The workflow for modern scientific research always seems so amateurish from the perspective of basic software development.

> We set up a video meeting, and decided that Susanne would go through simulations, and I would go through my old data, if I could dig them up. That was a challenge. Only months before, my current university had suffered a cyberattack, and access to my back-up drive was prohibited at first. ... I spent a week piecing together the necessary files and coding a pipeline to reproduce the original findings. To my horror, I also reproduced the problem that Susanne had found. The main issue was that I had used the same data for selection and comparison, a circularity that crops up again and again.

The proper solution would be to publish the code along with the paper so that others could directly review it. Ideally, the raw data would also be published, but there might be privacy issues with that. Peer review for journals is supposed to catch these type of workflow problems, but just throwing the code & paper up onto GitHub would probably be more effective than publishing just the paper and waiting for others to catch the problem.


My lab practice is to publish the repo path and the full hash of the commit that gave the results in the paper. The repo might have subsequent bug fixes, new code or data, etc. But you can get and run the exact code & data that the claims are based on if you wish.

The published paper contains the hash printed in the text.


I partially blame software infrastructure here.

I've tried to do reproducible research, but just setting something up when I get the exact version of GCC, python and python packages I want, in such a way I can get the same versions 2 years later, is a collosal pain.

Just dumping a pile of code people won't be able to run isn't super useful, and becomes a source of continous complaints and requests for fixes.


You might be interested in using Guix [1] for reproducible research, as is reported earlier (for genomics analysis) [2] and still actively developed [3].
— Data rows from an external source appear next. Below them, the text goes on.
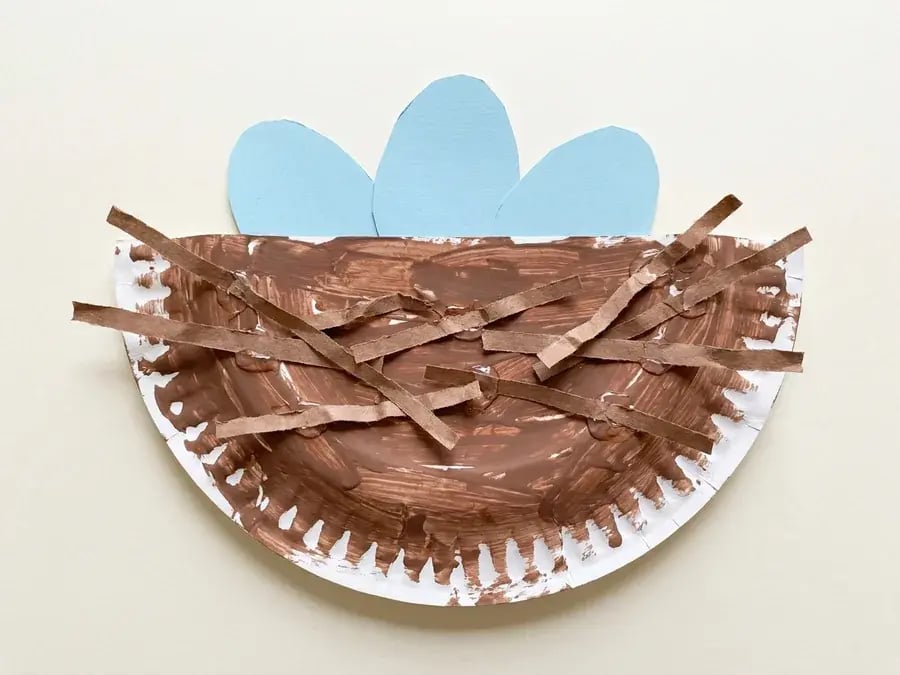 Paper plate bird nest, an easy paper plate craft for preschoolers ages 3 to 5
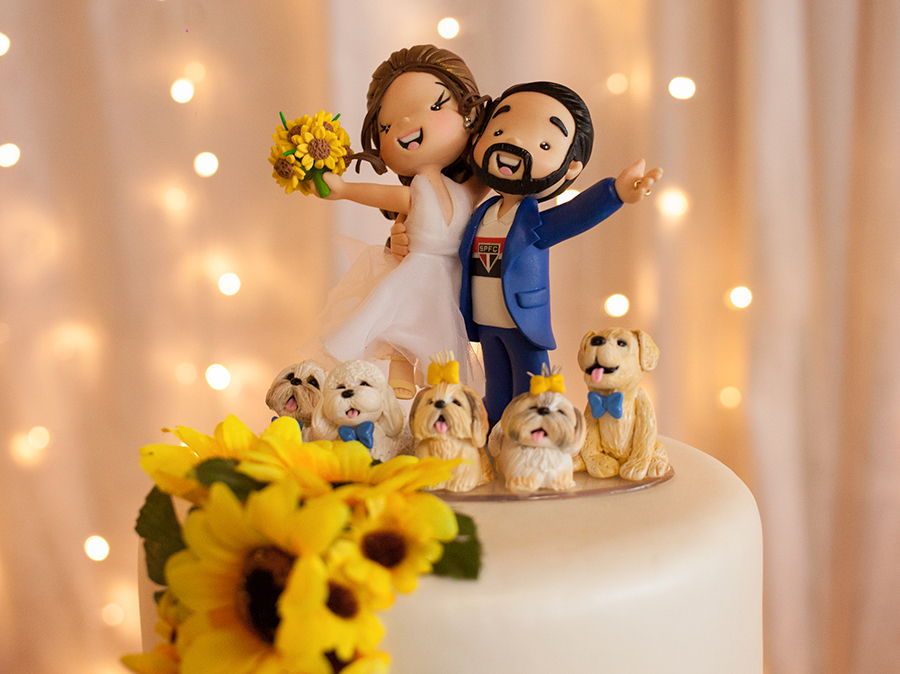 Detalhe da mesa do bolo, noivinhos de topo de bolo, noivos com seus 5 cachorros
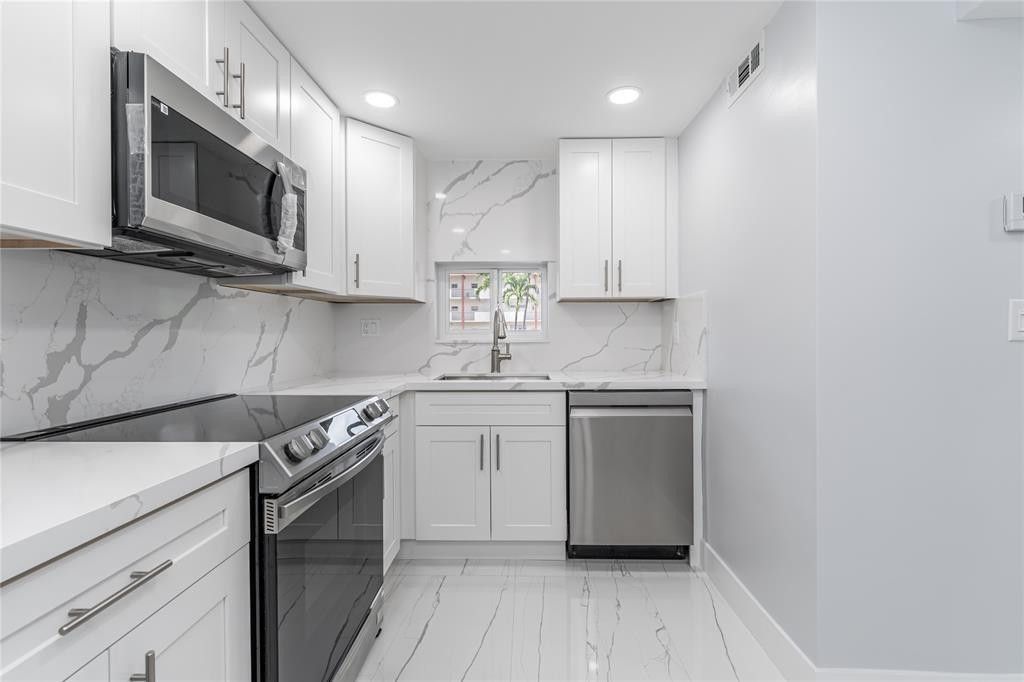 361 S Hollybrook Drive, Unit 105, Pembroke Pines, FL 33025 Photo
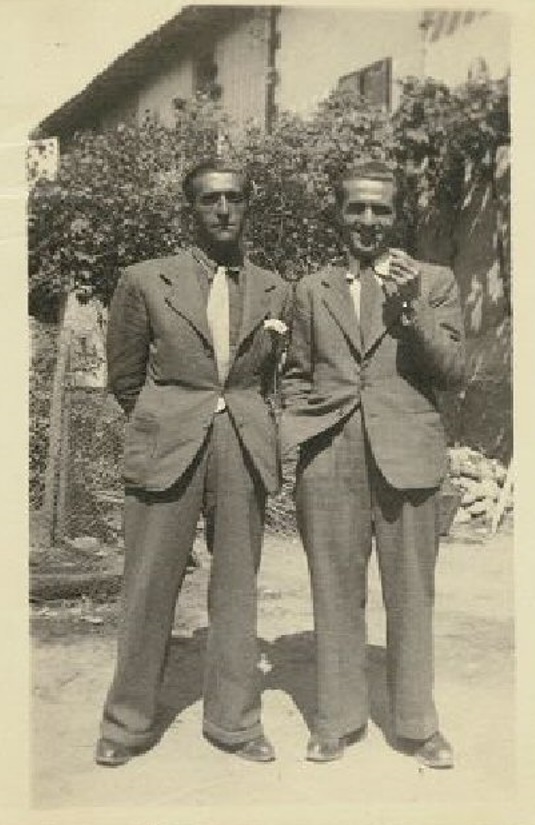 Vicenç i Albert Burón, l'any 1944, a França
As a bonus, Guix and Nix [4] allow for modular and composable pipelines, where you can swap different components (such as to upgrade Python from 3.8 to 3.9, or to enable certain optimizations for some Python libraries, or to run on MacOS and Linux while keeping the whole stack more or less the same), which would be more difficult to do reproducibly with other tools such as Docker (composing Guix or Nix functions are easier than composing DOCKERFILE or Docker Compose).

[1]: https://ambrevar.xyz/guix-advance/

[2]: https://academic.oup.com/gigascience/article/7/12/giy123/511...
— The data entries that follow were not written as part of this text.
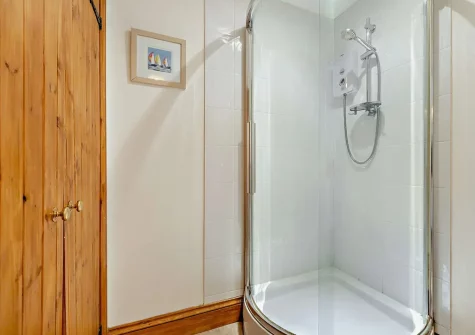 The shower room at Wonover, Musburry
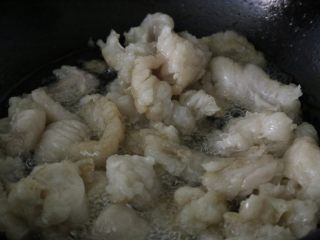 11、熬猪油,不久后油开始多了起来。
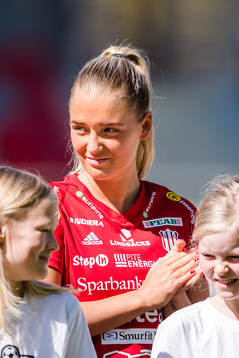 Piteås Ronja Aronsson före fotbollsmatchen i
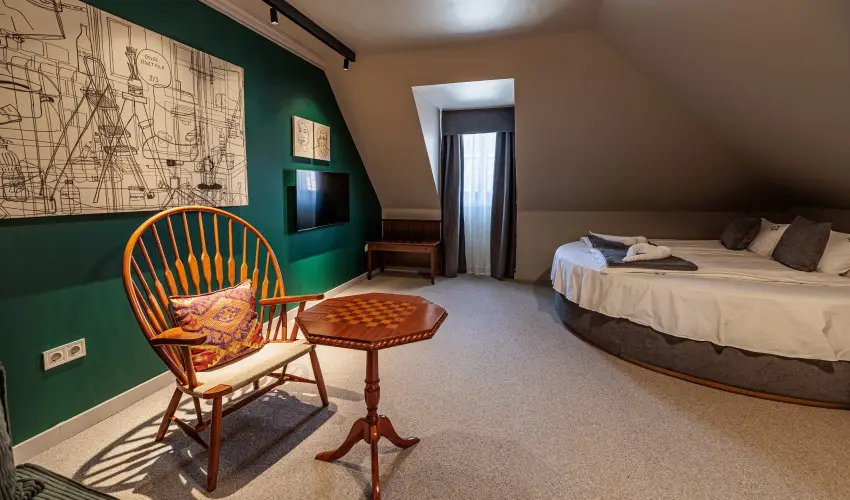 Barka Gal�ria Hotel �s �tterem T�llya - M�rcius 15.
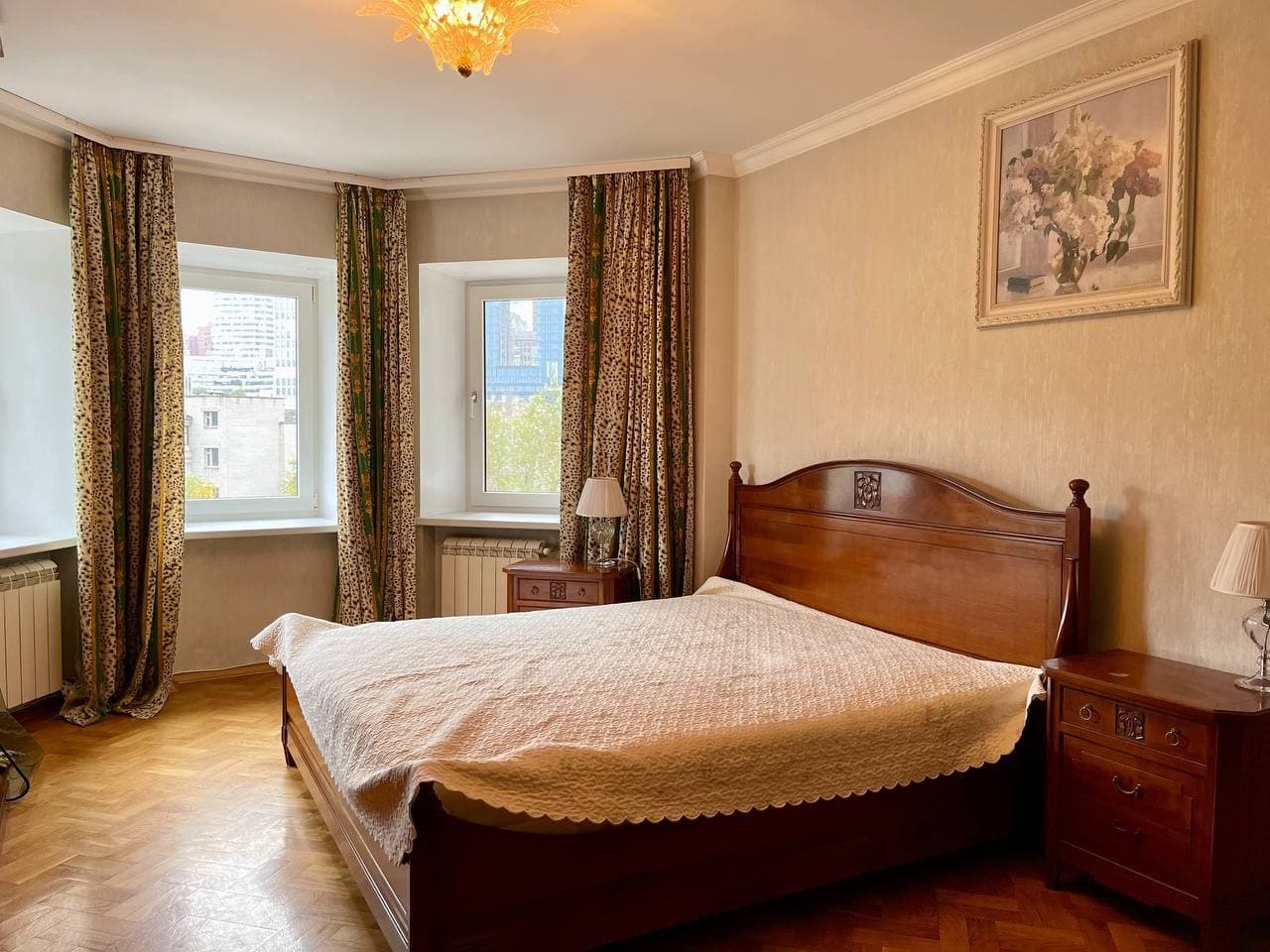 Продажа 5-комнатной квартиры 140 м², Литейная ул.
[3]: https://hpc.guix.info/blog/2020/11/hpc-reproducible-research...

[4]: https://builtwithnix.org/


When you publish the code, the chances of someone getting it to run increases from 0% to a much much higher number. Maybe 50% of those who really try can get it done. That it is hard to get to 100% does not at all invalidate this value.
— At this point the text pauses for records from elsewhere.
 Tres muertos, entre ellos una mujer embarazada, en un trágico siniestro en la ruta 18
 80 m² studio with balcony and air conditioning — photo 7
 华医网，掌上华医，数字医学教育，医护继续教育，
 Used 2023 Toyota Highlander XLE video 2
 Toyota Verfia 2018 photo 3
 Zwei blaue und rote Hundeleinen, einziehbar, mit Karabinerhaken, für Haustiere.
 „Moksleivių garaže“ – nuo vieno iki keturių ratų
It is fine to not do much support and bugfixing on such a codebase - but one should make sure to state it clearly in the documentation.

I try out published research code (in machine learning) all the time. Almost every time I have to debug and fix things. But in a couple of hours or days I can usually get it fixed, normally without any help. That is a shorter time than it take (in the best case) to even ask for access to code from a researcher.

Reduce barriers to entry. Make it easy for others to build on your work. Your chances of impact and value created from your work will be higher.


I have over a dozen open source projects, many where I am the major author :) Therefore, I also get significant numbers of complaining emails.

For a while my e-mail address was in a header in gcc's C++ standard library, in retrospect that was a seriously bad choice.


You could make a container with the pipeline and data set up to go. Also, ideally, you'd publicly host the Dockerfile or w/e build time config, too.


> Also, ideally, you'd publicly host the Dockerfile

Docker doesn't make it easy to produce a reproducible config. People commonly write Dockerfiles with stuff like this in them:

RUN apt-get install -y my-favourite-package

And then which version of my-favourite-package you get depends on what is the latest one on the update servers at a time. Maybe a new version is released tomorrow with a regression bug that breaks everything.

There are ways to get around this problem, but the default ways of doing things in Docker doesn't encourage reproducibility.


The solution is to put the actual package into the Dockerfile instead of the reference? Asking because I don't actually know the answer.


The solution is to publish the created docker container for examination and reuse in recreating the results. It is possible to create reproducible docker containers, but not with docker.


In one company I worked we hosted our own repo for npm and mirrored all packages we used there. For our own stuff we stored all old versions in it too. The software itself always installed specific version rather than "latest"

Another option is to store the whole docker images, granted this will not give you the ability to always rebuild it, but at least you have a "binary" you will be able to run later.


This is true, although the built Docker image itself (rather than Dockerfile) wouldn’t have these problems. I think in situations where reproducibility is paramount, it would make sense to offer a tarball of the image (`docker save`) along with the Dockerfile itself.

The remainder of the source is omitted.